To trade end of day is a dream for anyone wanting to tell their boss to “stick it”. Face it, if you’re anything like me when I first started day trading then it’s highly likely. No shame in that. Who hasn’t?
The shocking truth is that many people who make this bold transition only to spend their new found “career” trading from home, haemorrhaging money through over trading out of boredom, frustration and anger in a vicious circle where they spend more time than ever being slave to the screen than ever was the case with their day job.
But the great news is that do not have to quit your day job to make a success of price action trading, or spend hours on end watching charts move up and down. You can be a “fulltime” trader trading from home, happy and secure with your co-existing with your day job.
In fact, you can also be a very successful, consistently profitable trader trading only minutes a day without lavishing thousands on training, charting software, EAs or extra computer equipment.

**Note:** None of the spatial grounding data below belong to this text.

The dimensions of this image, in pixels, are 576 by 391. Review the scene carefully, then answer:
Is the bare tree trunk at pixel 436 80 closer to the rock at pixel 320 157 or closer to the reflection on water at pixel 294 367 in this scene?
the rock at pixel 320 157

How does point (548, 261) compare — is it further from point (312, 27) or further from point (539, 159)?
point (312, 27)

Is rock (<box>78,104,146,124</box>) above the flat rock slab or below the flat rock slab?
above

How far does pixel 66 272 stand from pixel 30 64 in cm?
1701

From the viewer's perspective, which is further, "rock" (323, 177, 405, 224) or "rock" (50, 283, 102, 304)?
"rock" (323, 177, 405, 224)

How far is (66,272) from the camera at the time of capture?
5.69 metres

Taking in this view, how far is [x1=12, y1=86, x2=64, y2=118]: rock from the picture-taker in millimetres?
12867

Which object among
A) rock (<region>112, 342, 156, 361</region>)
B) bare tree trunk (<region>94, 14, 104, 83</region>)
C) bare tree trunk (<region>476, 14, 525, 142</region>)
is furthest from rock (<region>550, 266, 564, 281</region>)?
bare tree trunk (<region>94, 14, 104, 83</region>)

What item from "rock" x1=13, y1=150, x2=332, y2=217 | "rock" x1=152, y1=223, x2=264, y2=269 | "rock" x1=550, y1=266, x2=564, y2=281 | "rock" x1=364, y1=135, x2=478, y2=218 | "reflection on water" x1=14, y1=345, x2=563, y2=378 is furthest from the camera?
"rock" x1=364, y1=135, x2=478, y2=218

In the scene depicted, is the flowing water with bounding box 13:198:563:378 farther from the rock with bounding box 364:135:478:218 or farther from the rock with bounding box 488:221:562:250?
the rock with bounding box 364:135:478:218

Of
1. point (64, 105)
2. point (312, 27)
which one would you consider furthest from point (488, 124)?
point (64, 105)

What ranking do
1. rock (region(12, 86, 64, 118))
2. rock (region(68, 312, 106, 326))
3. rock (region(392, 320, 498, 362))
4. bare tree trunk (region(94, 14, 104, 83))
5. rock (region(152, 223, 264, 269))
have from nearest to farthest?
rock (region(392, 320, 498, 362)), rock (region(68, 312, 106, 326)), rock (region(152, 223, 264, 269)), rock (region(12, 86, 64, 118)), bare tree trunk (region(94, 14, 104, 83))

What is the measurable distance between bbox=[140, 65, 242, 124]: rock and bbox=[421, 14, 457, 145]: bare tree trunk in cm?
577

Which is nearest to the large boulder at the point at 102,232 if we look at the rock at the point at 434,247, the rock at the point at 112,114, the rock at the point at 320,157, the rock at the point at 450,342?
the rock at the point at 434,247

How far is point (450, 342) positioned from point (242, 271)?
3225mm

You can do this by trading the higher timeframes; the daily and weekly chart, by trading end of day. Trading on these timeframes might be boring and require trading less…but don’t let that deter you! As you will discover the pros far outweigh the cons.

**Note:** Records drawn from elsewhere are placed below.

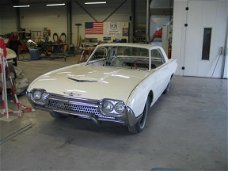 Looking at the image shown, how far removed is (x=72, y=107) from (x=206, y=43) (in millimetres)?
6003

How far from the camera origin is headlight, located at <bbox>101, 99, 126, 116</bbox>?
118 inches

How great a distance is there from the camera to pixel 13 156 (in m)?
2.88

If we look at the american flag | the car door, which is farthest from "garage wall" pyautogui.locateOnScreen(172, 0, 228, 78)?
the american flag

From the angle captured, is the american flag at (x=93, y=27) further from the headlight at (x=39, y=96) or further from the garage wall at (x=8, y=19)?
the headlight at (x=39, y=96)

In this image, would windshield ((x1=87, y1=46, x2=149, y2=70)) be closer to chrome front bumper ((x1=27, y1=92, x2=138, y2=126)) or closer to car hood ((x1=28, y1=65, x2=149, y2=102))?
car hood ((x1=28, y1=65, x2=149, y2=102))

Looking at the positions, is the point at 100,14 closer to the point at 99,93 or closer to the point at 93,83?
the point at 93,83

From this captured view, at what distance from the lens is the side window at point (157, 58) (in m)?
4.88

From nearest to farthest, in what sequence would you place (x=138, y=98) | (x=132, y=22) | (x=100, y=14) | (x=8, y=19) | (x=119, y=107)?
1. (x=119, y=107)
2. (x=138, y=98)
3. (x=132, y=22)
4. (x=100, y=14)
5. (x=8, y=19)

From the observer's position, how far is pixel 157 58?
509 centimetres

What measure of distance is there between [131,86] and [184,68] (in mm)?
5377

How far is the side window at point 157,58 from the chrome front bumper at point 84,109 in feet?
6.82

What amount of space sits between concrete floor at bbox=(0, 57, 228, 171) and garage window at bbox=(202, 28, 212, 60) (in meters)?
3.61

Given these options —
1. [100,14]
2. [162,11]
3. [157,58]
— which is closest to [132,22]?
[100,14]

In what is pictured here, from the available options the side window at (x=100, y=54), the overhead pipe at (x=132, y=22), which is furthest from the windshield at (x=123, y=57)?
the overhead pipe at (x=132, y=22) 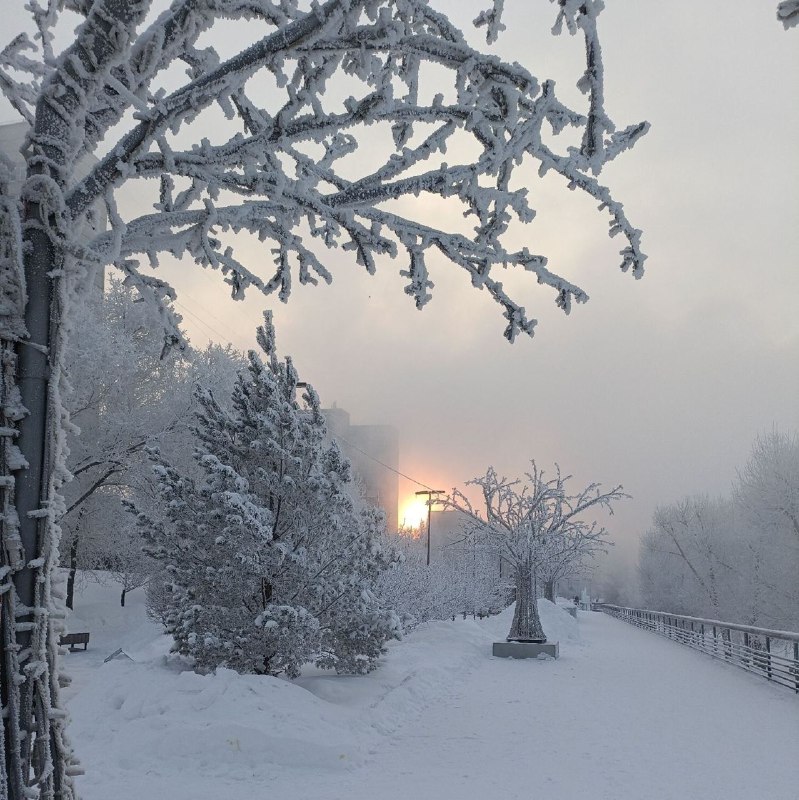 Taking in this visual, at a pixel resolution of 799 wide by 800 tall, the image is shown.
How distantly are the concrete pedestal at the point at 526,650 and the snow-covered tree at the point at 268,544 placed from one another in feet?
23.1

Here’s my 4 Reasons Why You Should Trade End of Day
Every market movement is by triggered by fear and greed so trading this can be and is an emotionally charged experience – not least because you have money in your trading account at stake on every trade you take so it is likely you will have an emotional attachment to the outcome; ie feeling over the moon if the market proved you right and you make money or feeling rejected by “getting it wrong” and losing money.
Whether you’re complexly new, intra-day trading or just getting started, imagine this as a silver lining: transforming what is experienced by 92% of have-a-go traders a loss making exercise into a profitable, relaxing and carefree “hobby”.
The smaller the timeframe you trade the more emotional your trading experience will be trading it (especially if you are watching it!) – the extra volatility, bigger stake size and increased exposure to news will take its toll.
This is possible in a scenario where you have, minimal contact with the charts when the markets are moving and your trades are in progress. Not only will you be less prone to self-sabotage with emotionally fuelled ‘knee-jerk’ decisions which will later make no sense, but you will also be enjoying this hands-off style of trading, trading end of day, which allows your money to work for you without you having to swap your time for it.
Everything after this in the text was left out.